- The problem -
If a line below falls between the line with "Custodia Samsung Galaxy" and the line with "BIATHLON now in the table tennis BIATHLON", or is one of those two, output it exactly; output nothing else and no pictures.

- Task input -
------------

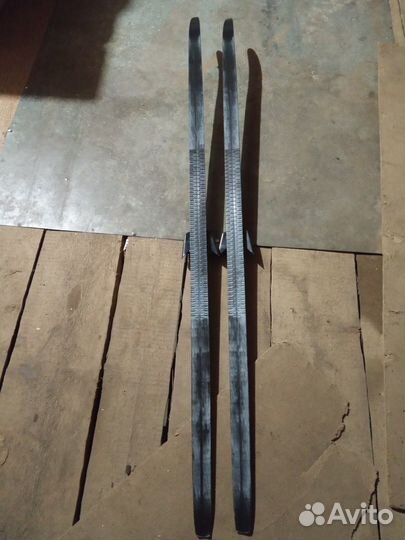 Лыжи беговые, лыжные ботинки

------------

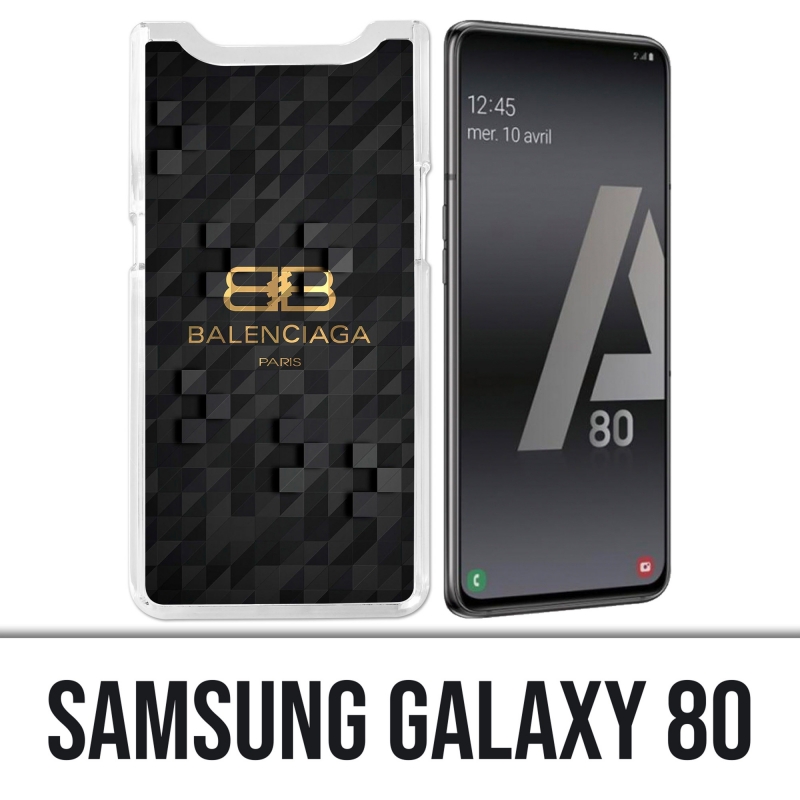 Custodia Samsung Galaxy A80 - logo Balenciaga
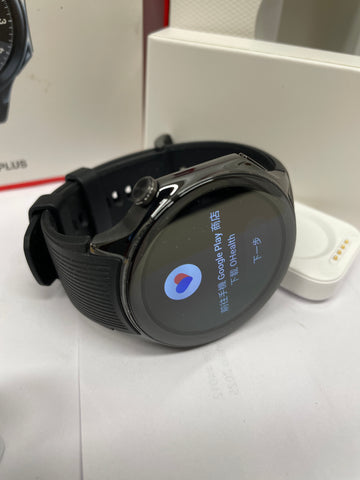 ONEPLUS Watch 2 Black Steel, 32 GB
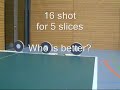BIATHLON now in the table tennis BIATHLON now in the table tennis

------------

- Exercise response -
 Custodia Samsung Galaxy A80 - logo Balenciaga
 ONEPLUS Watch 2 Black Steel, 32 GB
BIATHLON now in the table tennis BIATHLON now in the table tennis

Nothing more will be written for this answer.